• **EXERCISE BRIEF**:
Skip any image you find and restate the rest of the data word for word.

:: PROVIDED ENTRIES ::

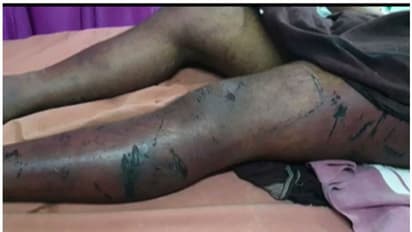 അട്ടപ്പാടിയിൽ 10 അംഗ സംഘത്തിന്റെ അടിയേറ്റ് ചികിത്സയിലായിരുന്ന കണ്ണൂർ സ്വദേശി വിനായകനും മരിച്ചു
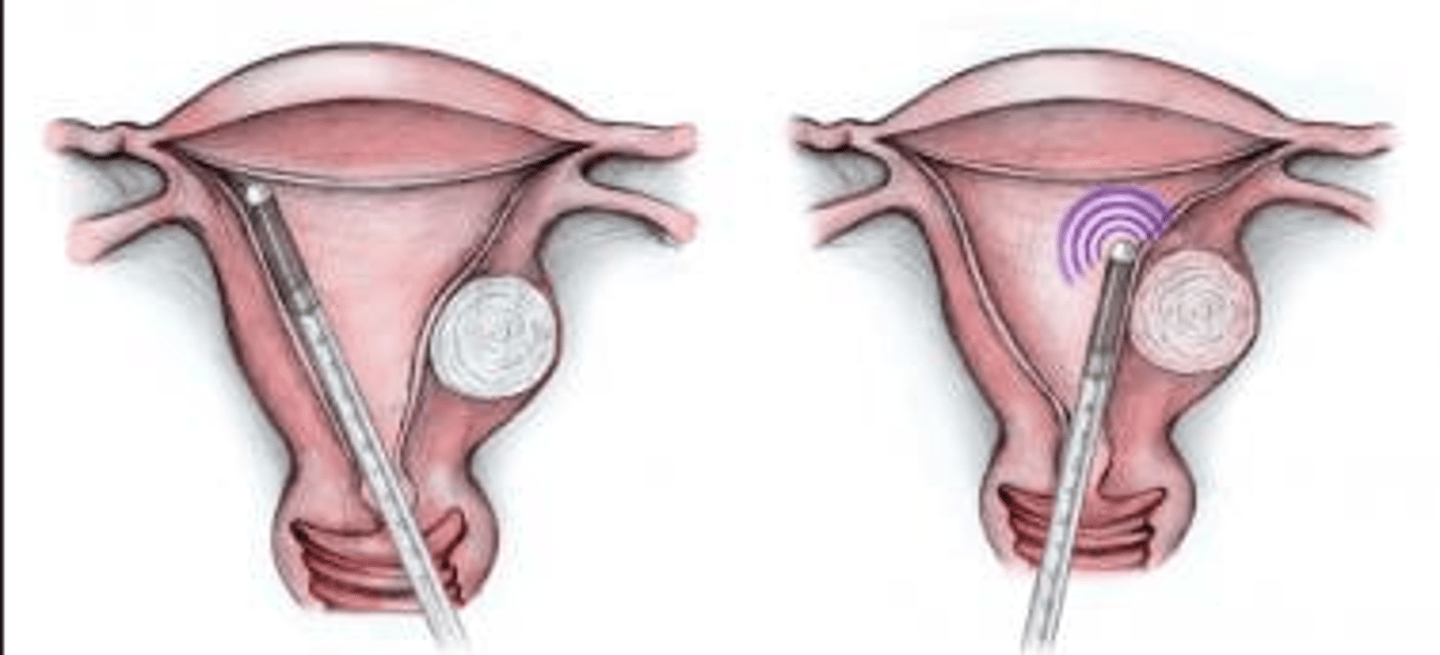 <p>-a light-sensitive substance is applied to endometrial tissue</p><p>-a laser probe is then inserted through the cervix</p><p>-the absorption of laser light by the tissue causes the endometrium to slough</p><p>-in contrast to being removed with a surgical curette</p>
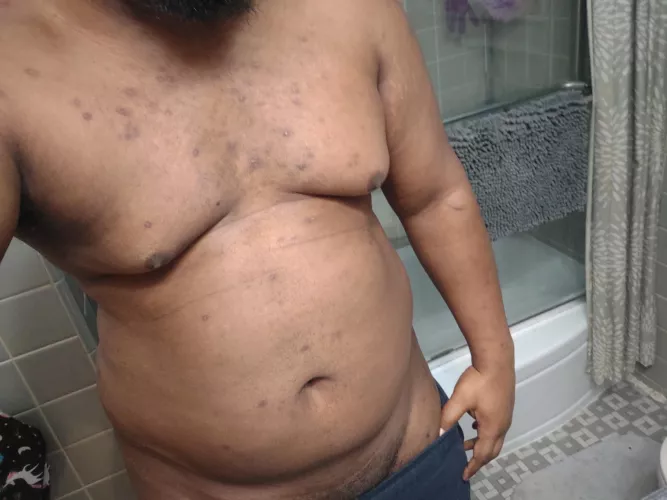 Been working out again. Showly getting my abs back by noahofconcern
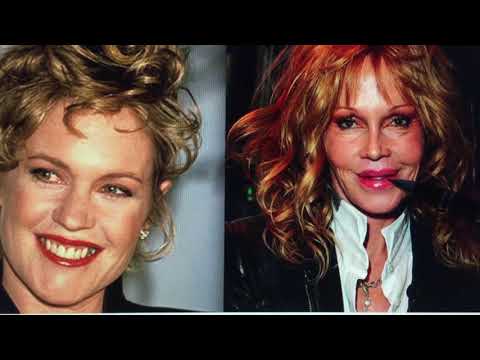 Melanie Griffith si taky ujížděla na plastických operacích!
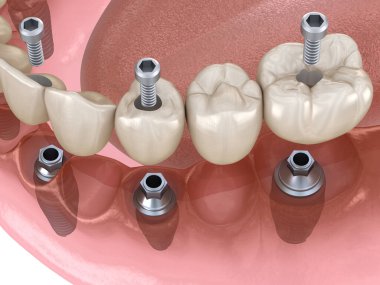 Çikletli çene protezi. Hepsi de implantlarla desteklenen 6 sistemde. İnsan dişleri ve protez kavramının tıbben doğru üç boyutlu çizimi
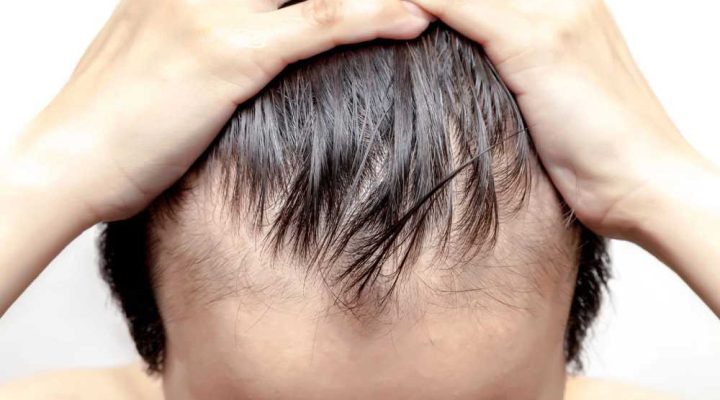زراعة شعر فاشلة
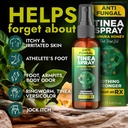 tinea-versicolor-treatment-antifungal-sp-2.jpg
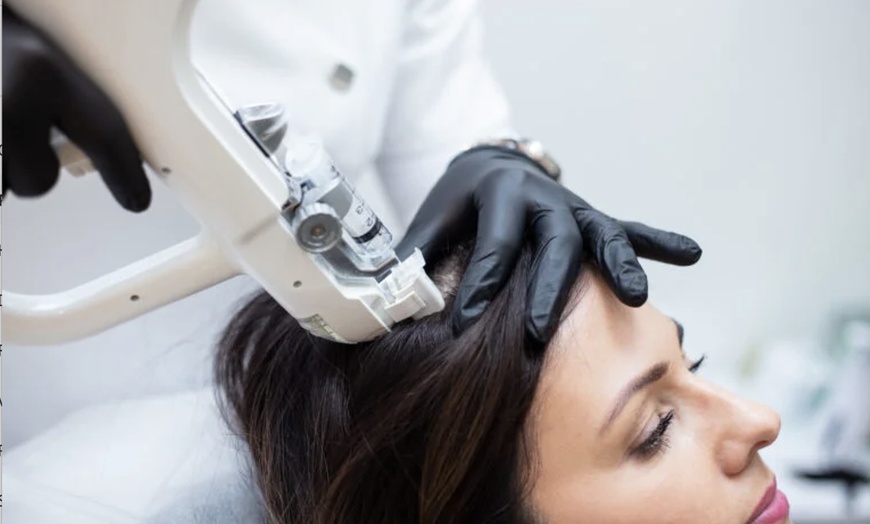 Image 2: 1, 2, or 3 Exosome Stem Cell or Hair Restoration w/ Thulium RF & More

:::

• **EXERCISE ANSWER**:
 അട്ടപ്പാടിയിൽ 10 അംഗ സംഘത്തിന്റെ അടിയേറ്റ് ചികിത്സയിലായിരുന്ന കണ്ണൂർ സ്വദേശി വിനായകനും മരിച്ചു
 <p>-a light-sensitive substance is applied to endometrial tissue</p><p>-a laser probe is then inserted through the cervix</p><p>-the absorption of laser light by the tissue causes the endometrium to slough</p><p>-in contrast to being removed with a surgical curette</p>
 Been working out again. Showly getting my abs back by noahofconcern
 Melanie Griffith si taky ujížděla na plastických operacích!
 Çikletli çene protezi. Hepsi de implantlarla desteklenen 6 sistemde. İnsan dişleri ve protez kavramının tıbben doğru üç boyutlu çizimi
زراعة شعر فاشلة
 tinea-versicolor-treatment-antifungal-sp-2.jpg
 Image 2: 1, 2, or 3 Exosome Stem Cell or Hair Restoration w/ Thulium RF & More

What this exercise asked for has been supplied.